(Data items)

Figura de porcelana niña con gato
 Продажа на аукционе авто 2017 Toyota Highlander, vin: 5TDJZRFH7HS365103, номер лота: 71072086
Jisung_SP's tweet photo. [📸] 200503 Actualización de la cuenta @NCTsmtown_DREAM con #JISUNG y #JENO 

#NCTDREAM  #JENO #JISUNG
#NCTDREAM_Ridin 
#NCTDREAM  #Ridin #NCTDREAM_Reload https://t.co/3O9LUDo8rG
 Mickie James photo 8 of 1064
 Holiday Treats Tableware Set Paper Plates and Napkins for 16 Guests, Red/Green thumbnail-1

» **TASK PROMPT**: Return, word for word, the lines from the one containing "#NCTDREAM  #JENO #JISUNG" through the end of the data above, both ends included, and nothing else.

» **RESULT FOR THIS EXERCISE**:
#NCTDREAM  #JENO #JISUNG
#NCTDREAM_Ridin 
#NCTDREAM  #Ridin #NCTDREAM_Reload https://t.co/3O9LUDo8rG
 Mickie James photo 8 of 1064
 Holiday Treats Tableware Set Paper Plates and Napkins for 16 Guests, Red/Green thumbnail-1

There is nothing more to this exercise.